The BV's board of directors has to protect its creditors' interests by assessing whether the BV will still be able to meet its financial obligations (accounts payable) for a period of approximately one year after the withdrawal. If so, the board of directors has to formally approve the withdrawal. If not, the board of directors is not authorised to proceed.
Directors who in hindsight make improper withdrawals can be held jointly and severally liable.
Filing annual financial statements
Your BV has to draft and file its annual reports and accounts with the Chamber of Commerce [Dutch: Kamer van Koophandel (KvK)]. The size of your company determines exactly which information you'll need to file.
If you own at least 5% of your company's shares, then you have a 'substantial interest' [Dutch: aanmerkelijk belang] and are referred to as a 'director and major shareholder' [Dutch: DGA].
As a DGA, you'll have to pay income tax [Dutch: inkomstenbelasting] on your salary and perhaps dividend tax [Dutch: dividendbelasting]. Paying yourself a salary from your BV is a relatively expensive option. A less expensive option (fiscally) is to pay out a dividend.
However, the Tax and Customs Administration [Dutch: Belastingdienst] won't allow you to pay yourself an excessively low or zero salary. Your salary has to be in line with market levels, which is why the Belastingdienst has set a minimum annual salary of €44,000.
In Dutch, this is referred to as the gebruikelijkloonregeling or 'customary salary scheme' for directors and major shareholders.

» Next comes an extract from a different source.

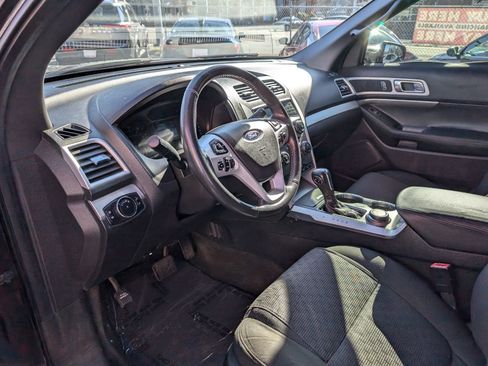 Used 2015 Ford Explorer XLT image 12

Your BV will also have to pay corporation tax [Dutch: vennootschapsbelasting (VPB)] over its profits.
As a director and major shareholder (DGA), you're actually an employee of your BV for the purposes of social security, except in the following instances:
- You have 50% or more of the votes at the annual general meeting (AGM)
(potentially including those of your spouse).
- You and your direct family members own two thirds or more of the shares.
- You cannot be removed from office against your will.
In which case, it's not mandatory to contribute to employee insurance schemes, but you will be permitted to pay voluntary contributions.
Please also refer to information for sole proprietorships.
Selling your business
If you want to sell your company, then you can either sell your shares or divest the business from the BV by selling off its equipment, inventory, etc. As a DGA, you'll have to pay income tax on the proceeds of the sale of your shares. If you divest your business, then you'll have to pay corporation tax on the profit.
If a shareholder in the divesting BV is itself a BV, then this holding company theoretically pays no tax on the proceeds if it owns 5% or more of the shares.
Holding and Annuity Private Limited Companies
A holding company is a private limited company (BV) that owns shares in another BV. You can structure BVs in this way to protect equity, e.g. profits or your pension provisions, from your business risk. You can set up an 'annuity private limited company' [Dutch: stamrecht-bv] to hold severance pay.
Additional information about Holding and Annuity Private Limited Companies.
The single-tier board
The regulatory role within a BV is often filled by a 'supervisory board' [Dutch: Raad van Commissarissen]. As of 01 January 2013, you can also opt for a single-tier board.